Yes, that constellation burned incessantly into the sky above and was the only tangible connecting point with her and capable of resurrecting her memory. He was sure that Marika was, at the same time, looking back and thinking of him. She was the one who asked him to look into the sky whenever he thought of her, and in that way she would be with him, holding hands and keeping their promises of love, like had been their first night together. That was the only tangible connection left for him, to feel close to his beloved Marika.
On those lonely nights, he called and talked to her loudly so his voice would reach her where she was resting. Joko mentally could magically recreate the old times, seeing his adored wife sitting next to him, and smiling back.
It was a winter day like this just twelve years ago, when he lost her and the baby boy, at the time she was ready to give life. That was her final act of love for him. That baby boy had been the only one she had been able to carry to the end of her pregnancy and the one they wanted so much.

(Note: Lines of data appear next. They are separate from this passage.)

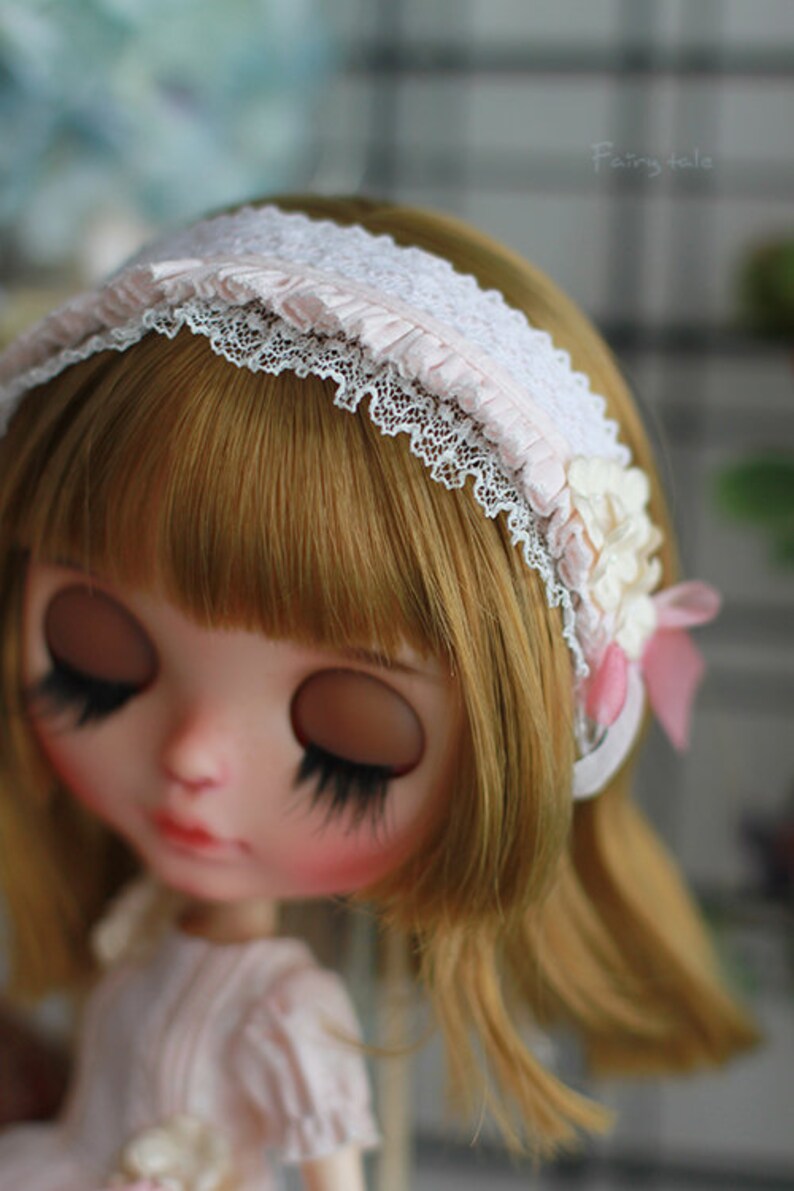 May include: A doll with blonde hair and closed eyes wears a white headband with lace and pink fabric accents. The headband has a flower embellishment.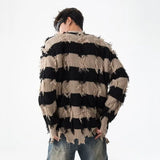 bold graphic pullover, layered streetwear look, soft knit pullover with flame design, y2k fashion statement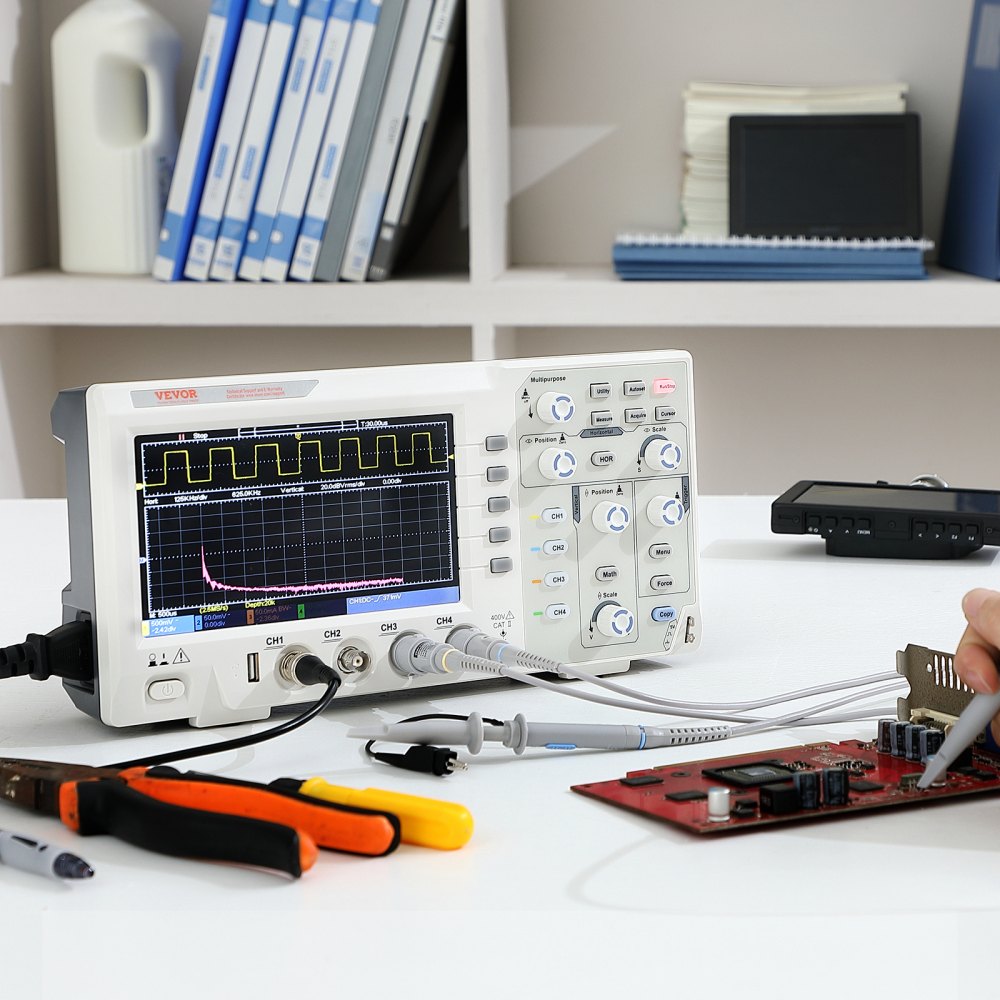 Osciloscopio digital VEVOR que muestra formas de onda junto a herramientas en un escritorio blanco, con estantes en el fondo.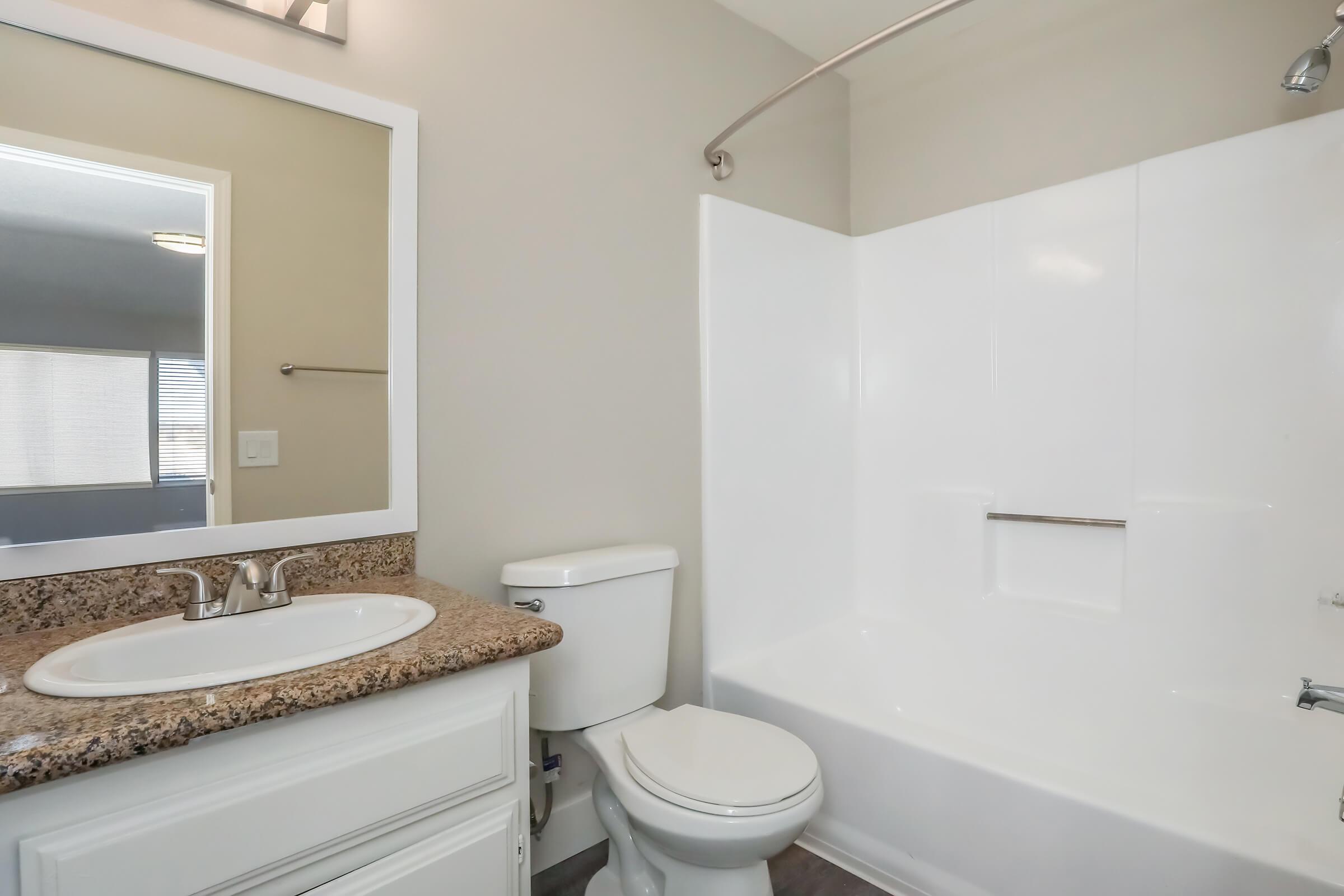 Bright and clean bathroom featuring a white bathtub with a shower, a toilet, and a sink with a granite countertop. There is a large mirror above the sink and light-colored walls, creating a spacious and modern feel. Natural light comes through a nearby window.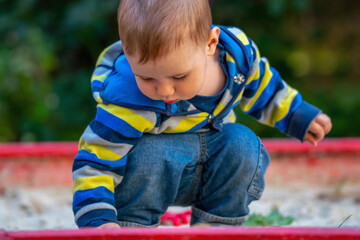 Conceptual image: happy childhood. A little boy builds castles in the sandbox.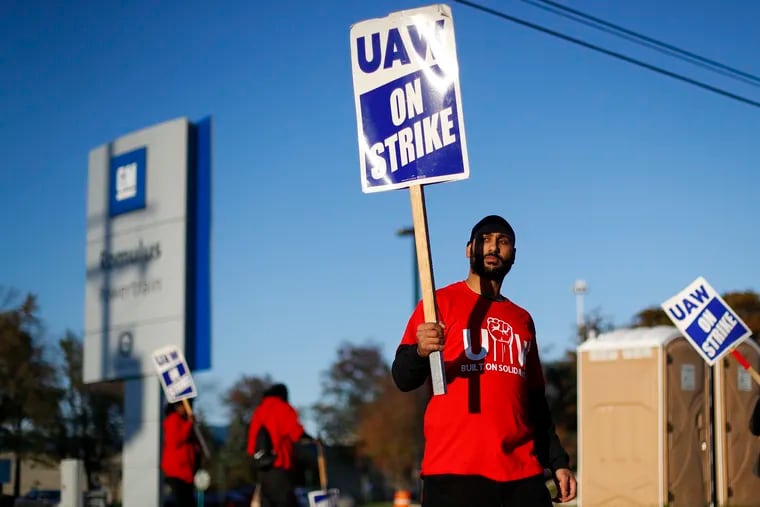 In this Oct. 9, 2019, file photo a member of the United Auto Workers walks the picket line at the General Motors Romulus Powertrain plant in Romulus, Mich. General Motors CEO Mary Barra joined negotiators at the bargaining table Tuesday, Oct. 15, an indication that a deal may be near to end a monthlong strike by members of the United Auto Workers union that has paralyzed the company’s factories.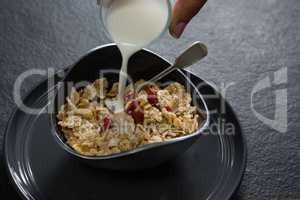 Milk being poured into wheat flakes bowl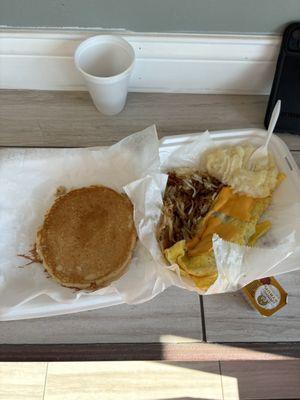 Bacon omelette with grits, hash browns and pancakes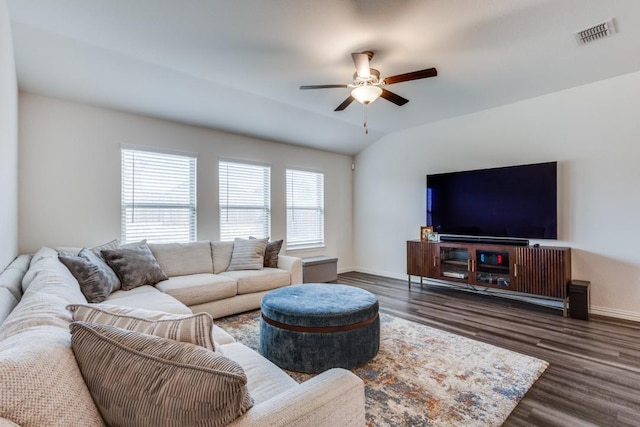 living room with dark hardwood / wood-style floors, vaulted ceiling, and ceiling fan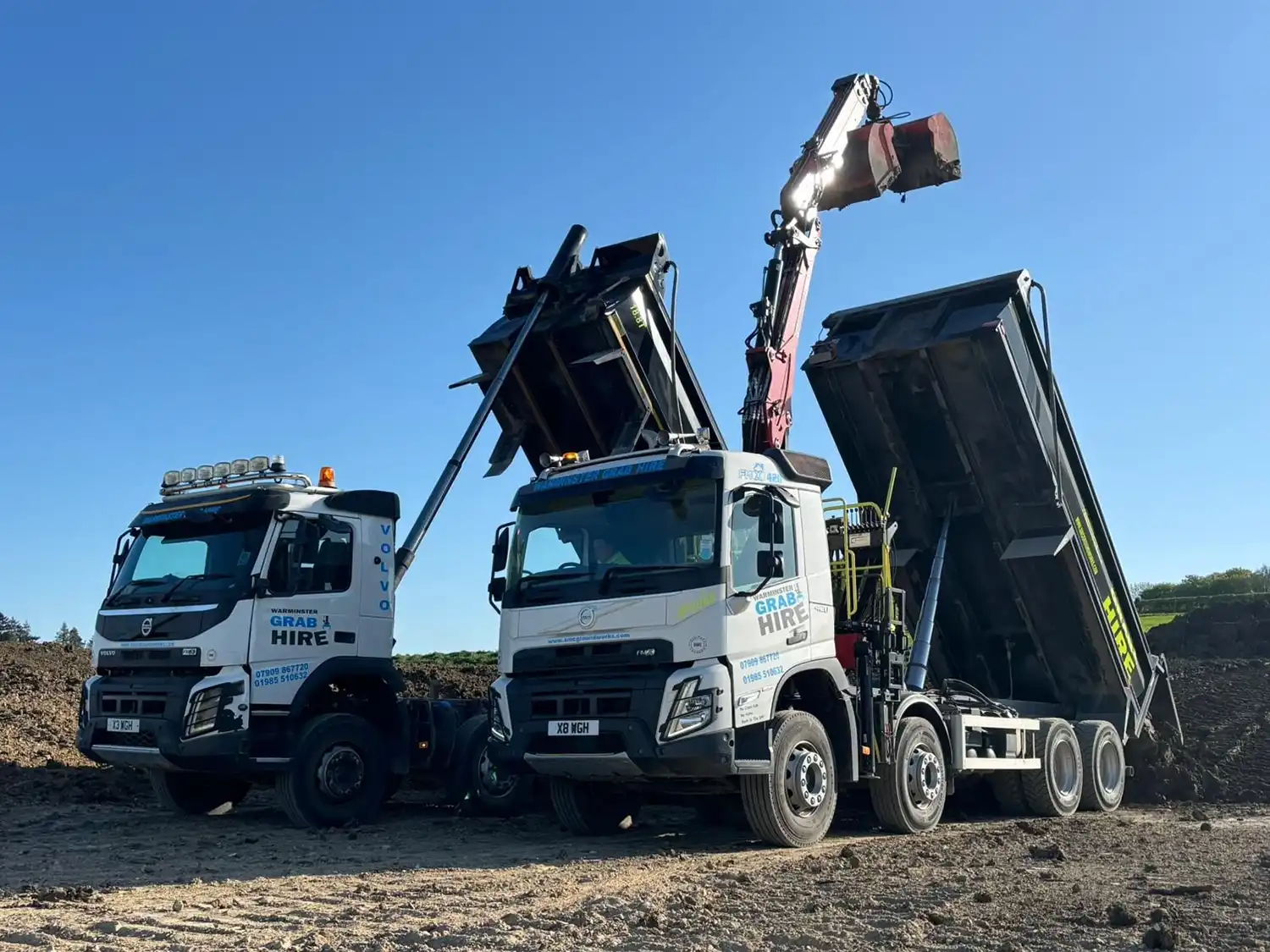 Two white Volvo dump lorries with raised beds at a construction site under blue sky.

The many times they had tried before, their dream of having a family had miserably ended in miscarriages, in the early months of pregnancy.
None of the many herbal remedies, prepared by Gypsies women for her had worked the miracle. But finally and miraculously she carried a child alive in her womb, and now the time of delivery had arrived.
Joko, revived in his memory that last day with Marika. He clearly remembered her happiness to finally be a mother. They had camped in the usual area that the gypsies used for a long time, near Lake Balaton. Marika had been held in the tent where gypsies’ women are confined to give birth.
The delivery was announced with the breaking of the waters. Those were the last minutes that the midwife allowed Joko to comfort Marika. She was visibly in pain and holding Joko’s hand, told him, “Soon you will be a proud father and your descendance guarantee. I’m sure it will be a baby boy. Don’t you see how big I am? He can only be a boy.”
She was right. But the baby was too big, and difficulties arose, and she had a long battle in trying to deliver him. She fought with all her energy against destiny for the next three days. On the second day she felt the strain and hour after hour, her will became weaker and exhaustion was evident leaving Marika incapable of fighting. Over the days she lost too much blood and her fate was sealed. Marika finally lost consciousness and was too weak to fight for her baby and her own life. Her battle was soon over.
Joko buried them the next morning in the depth of the beech forest nearby. To protect their bodies, from the nocturnal predators, he moved a large stone over the grave.
To recognize the site of the grave he carved on the stone the stars of the Little Bear Constellation, as a symbol of their love.
Joko was now silently crying. Marika had been the only love in his entire life and the reason why he missed her so much. He never thought of marrying again even though a few women of the clan showed interest in him.
He decided to go early in the morning into the woods to visit them, to commemorate that sad anniversary.
Joko thought, “Tomorrow is the twelfth anniversary of when Marika and the baby died. I’ll spend the day in the forest with them. There are many things which I want to tell my Marika. For a day it will be our usual way of life and we confide in each other and we’ll share emotions together. She will be as beautiful as ever and I’ll hold her hand and be able to tell her how much I love and missed her.”
Gypsy’s people keep alive the memories of their dead ones through time, and act as if they are still alive and part of the family.
Their close relatives had become the wise ancestors of the family, to be consulted as their guides, to guard and to heal the ones who are alive. These are vital links that keep open the spiritual bonds between the people alive to those that have preceded them in life.